Another successful round of STAC Summits has concluded. These events in three cities focused on artificial intelligence; C++ optimization; time sync measurement standards; new ways to scale up Python analytics; architectures for strategy backtesting; realities of public and private cloud with high-performance workloads; the future of low-latency, long-distance communication; low-latency FPGA solutions; and much more.
Each year, the capital markets get more algorithmic. Whether it's trading, investing, or managing risk and collateral, the pressures of competition and regulation are fueling a need for increasingly massive computations and increasingly huge amounts of data.
For this reason, large firms (and even some smaller ones) have datacenters packed with tens or hundreds of thousands of cores dedicated to quantitative analysis, along with petabytes of storage, while many of them are starting to leverage cloud technologies.
Public and private cloud are high on the agendas of capital markets firms (often as explicit hybrid cloud agendas). The massive scaling and innovative pricing of public cloud platforms can substantially accelerate time to market and reduce costs.
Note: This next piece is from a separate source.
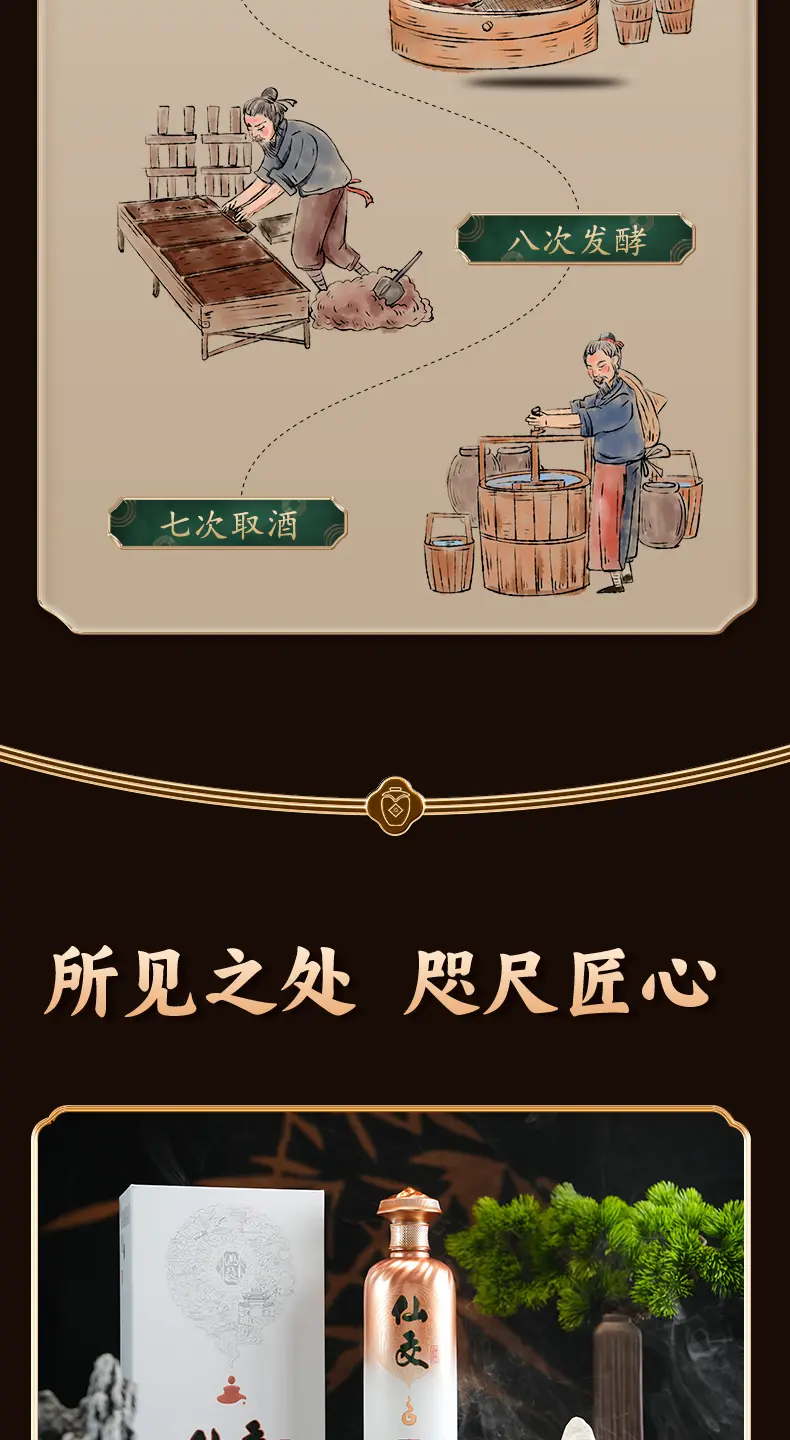 筑基详情:完整酿造工艺下篇与产品实拍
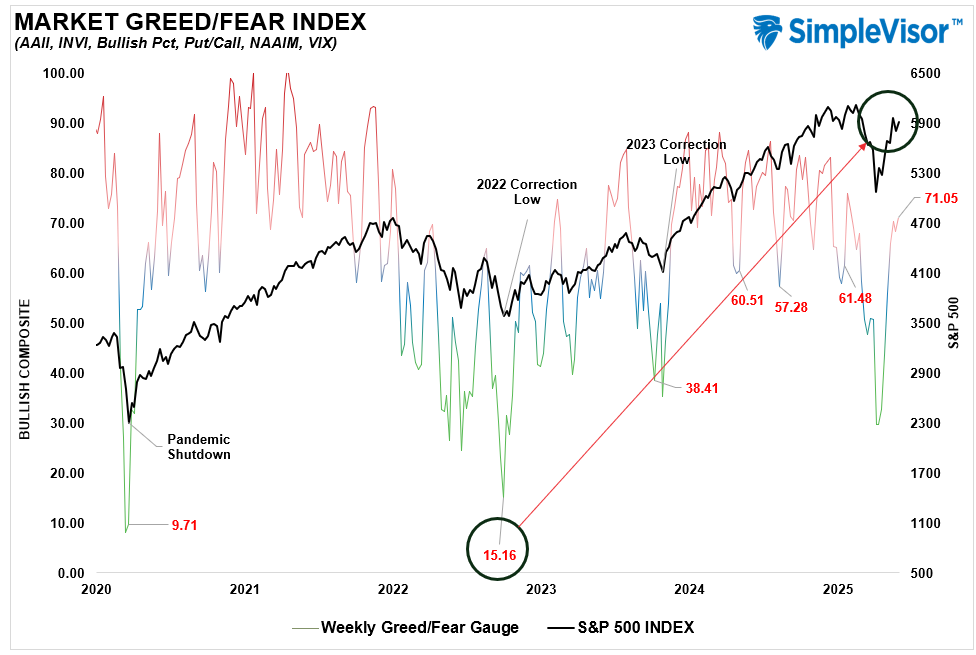 Market Greed/Fear Index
Private cloud frameworks like Kubernetes promise greater business agility, as well as cost savings through higher utilization.
STAC's working definition of artificial intelligence (AI) encompasses both neural approaches like Deep Learning as well as non-neural machine learning approaches such as gradient boosted trees and genetic algorithms.
The financial markets were early adopters of AI, and its use is growing: growing in the number of organizations using AI techniques, the range of techniques being deployed, and the purposes they are putting them to.